Given data ->
%%
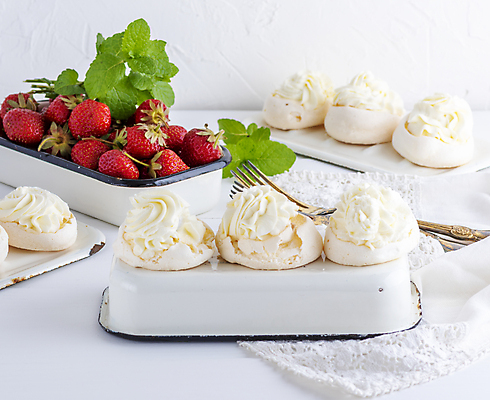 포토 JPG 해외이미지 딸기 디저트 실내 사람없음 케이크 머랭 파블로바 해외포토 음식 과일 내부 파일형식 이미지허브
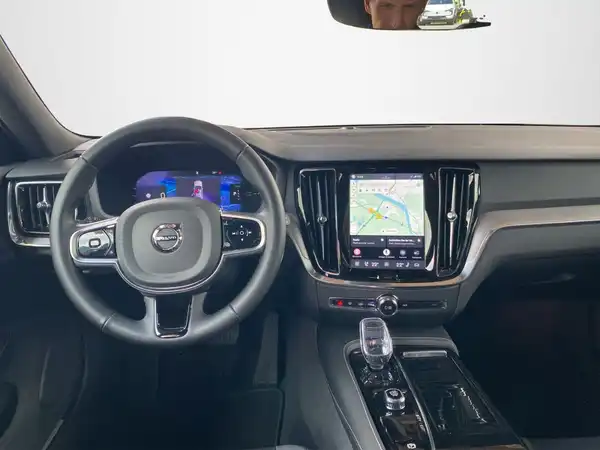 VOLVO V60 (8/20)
%%
%%
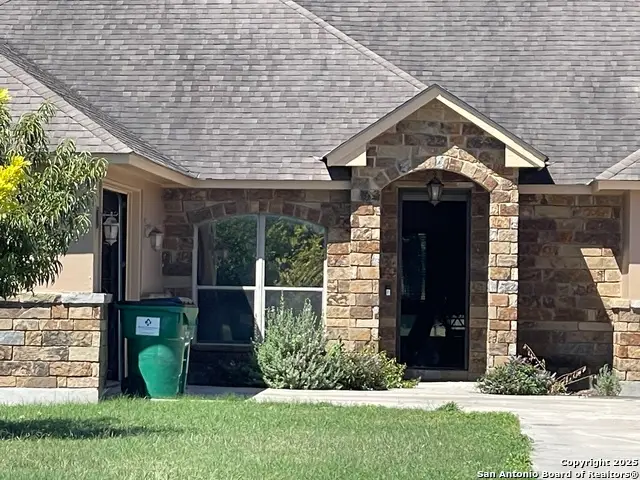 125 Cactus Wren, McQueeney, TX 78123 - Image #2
%%
%%
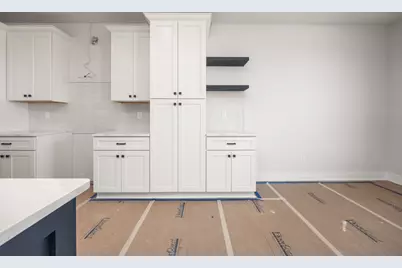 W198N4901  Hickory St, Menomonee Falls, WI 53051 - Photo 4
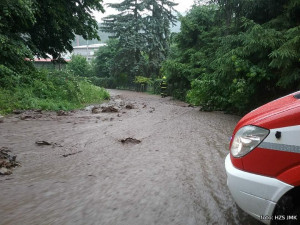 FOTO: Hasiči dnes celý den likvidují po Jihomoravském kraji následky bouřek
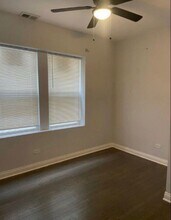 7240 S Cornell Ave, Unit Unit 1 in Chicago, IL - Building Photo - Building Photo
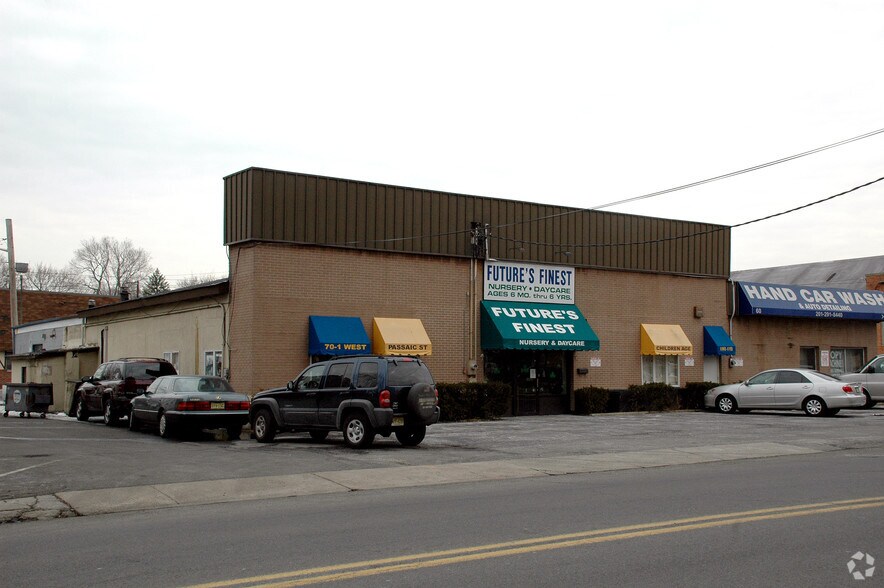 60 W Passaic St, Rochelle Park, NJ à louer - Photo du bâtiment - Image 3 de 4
%%
Action item ->
Only one part of the listing is wanted: the lines from the one containing "포토 JPG 해외이미지" through the one containing "VOLVO V60 (8/20)", both included. Please transcribe it exactly, leaving out the pictures.

Result for this exercise ->
 포토 JPG 해외이미지 딸기 디저트 실내 사람없음 케이크 머랭 파블로바 해외포토 음식 과일 내부 파일형식 이미지허브
 VOLVO V60 (8/20)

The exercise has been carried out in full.